Réunion du 14 décembre 2010 à 18h00
Commission des affaires économiques

Anne Lauvergeon, présidente du directoire d'AREVA :

Entre-temps, les autres n'étaient pas restés inactifs ! Du reste, au prix où cela a été pris, il n'aurait pas été raisonnable d'y aller.

Vous me dites qu'il nous faut un ensemblier pour réussir. Mais alors pourquoi réussissons-nous en Chine ou en Inde ? Arrêtons de raisonner comme si seul un électricien nucléaire au monde était capable de construire des centrales. GNPC en Chine, NPCIL en Inde, les électriciens américains, EON l'ont fait. Dans les nouveaux pays du nucléaire, il nous faut certes un électricien qui ouvre la voie, avec une autorité de sûreté et un cadre légal. La France doit donc s'organiser, s'installer, et cela de manière très anticipée. Mais dans les pays qui ont déjà du nucléaire, qui représentent 80 % du marché, c'est à la carte !

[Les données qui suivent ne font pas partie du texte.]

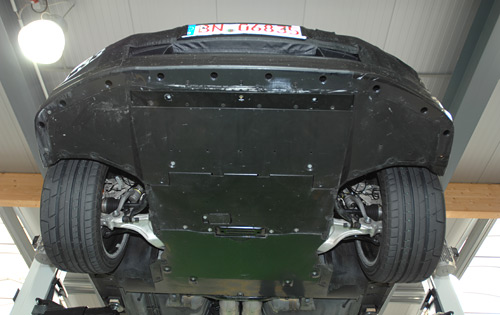 08_nissan_skyline_gtr_tech_underbody_3_500.jpg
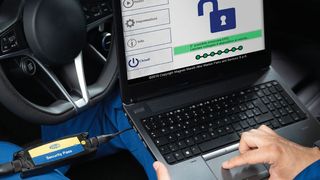 Magneti Marelli hat einen "Adapter" entwickelt, mit dem Werkstätten die "Diagnosesperre" von Fiat Chrysler öffnen können.  (Bild: Magneti Marelli)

Monsieur Paul, vous avez évoqué un pôle public de l'énergie. Si nos syndicats européens disent la même chose que nous, c'est qu'ils voient le marché mondial. C'est une grande erreur d'aborder le futur avec les recettes du passé : nous ne sommes plus dans les années 1970 ! Ce sont les pays émergents qui vont faire le plus grand nombre de centrales nucléaires – et notre enjeu stratégique, c'est d'y être !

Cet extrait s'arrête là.